## Your objective
Among the lines below, take the one holding "Stunning 2-bed Apartment in Sarajevo", the one holding "Einliegerwohnung In Nahe Esc Lorrach", and all lines between them. Set them down exactly.

## Entries provided
※
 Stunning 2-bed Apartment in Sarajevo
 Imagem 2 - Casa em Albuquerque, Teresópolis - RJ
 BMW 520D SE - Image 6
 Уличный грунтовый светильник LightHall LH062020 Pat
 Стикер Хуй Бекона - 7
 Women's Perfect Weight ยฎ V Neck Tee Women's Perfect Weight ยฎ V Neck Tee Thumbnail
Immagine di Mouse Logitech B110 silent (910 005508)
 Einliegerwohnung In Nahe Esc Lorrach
※
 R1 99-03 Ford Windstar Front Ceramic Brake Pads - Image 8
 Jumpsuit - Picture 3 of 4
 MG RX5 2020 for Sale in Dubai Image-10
※
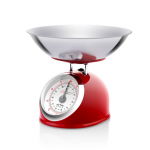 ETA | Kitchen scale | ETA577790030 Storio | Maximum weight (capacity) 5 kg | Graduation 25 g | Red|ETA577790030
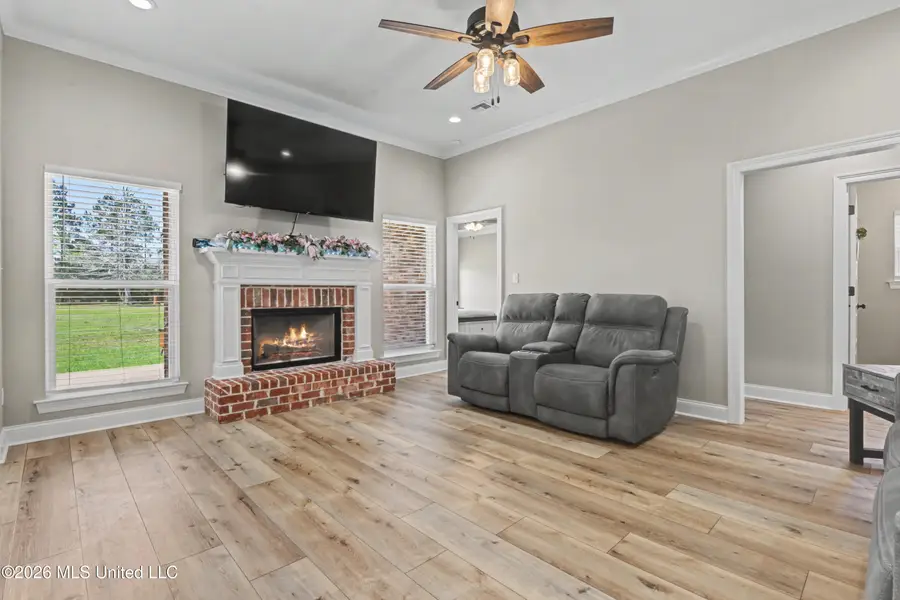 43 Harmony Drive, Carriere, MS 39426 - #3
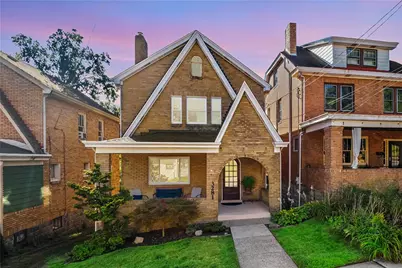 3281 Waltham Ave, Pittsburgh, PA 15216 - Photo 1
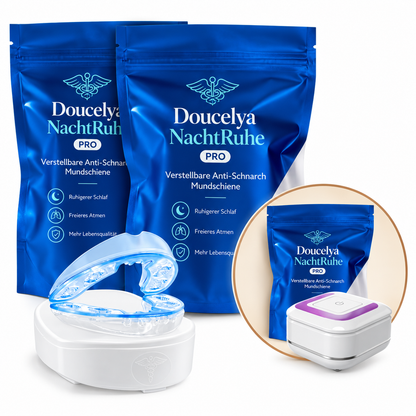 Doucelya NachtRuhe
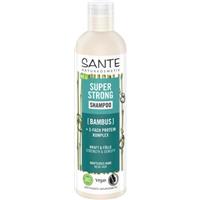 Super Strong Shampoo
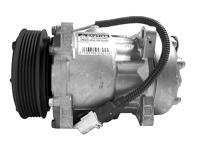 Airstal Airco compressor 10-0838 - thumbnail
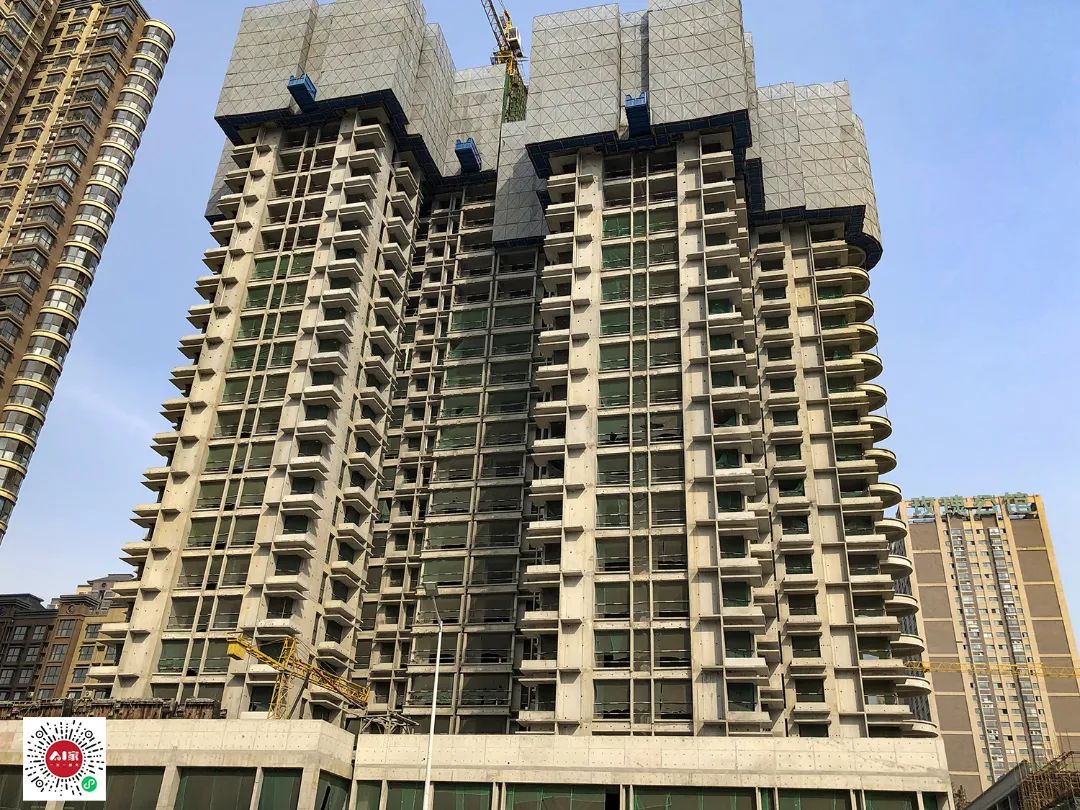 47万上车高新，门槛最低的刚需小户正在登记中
※
## Result of the exercise
 Stunning 2-bed Apartment in Sarajevo
 Imagem 2 - Casa em Albuquerque, Teresópolis - RJ
 BMW 520D SE - Image 6
 Уличный грунтовый светильник LightHall LH062020 Pat
 Стикер Хуй Бекона - 7
 Women's Perfect Weight ยฎ V Neck Tee Women's Perfect Weight ยฎ V Neck Tee Thumbnail
Immagine di Mouse Logitech B110 silent (910 005508)
 Einliegerwohnung In Nahe Esc Lorrach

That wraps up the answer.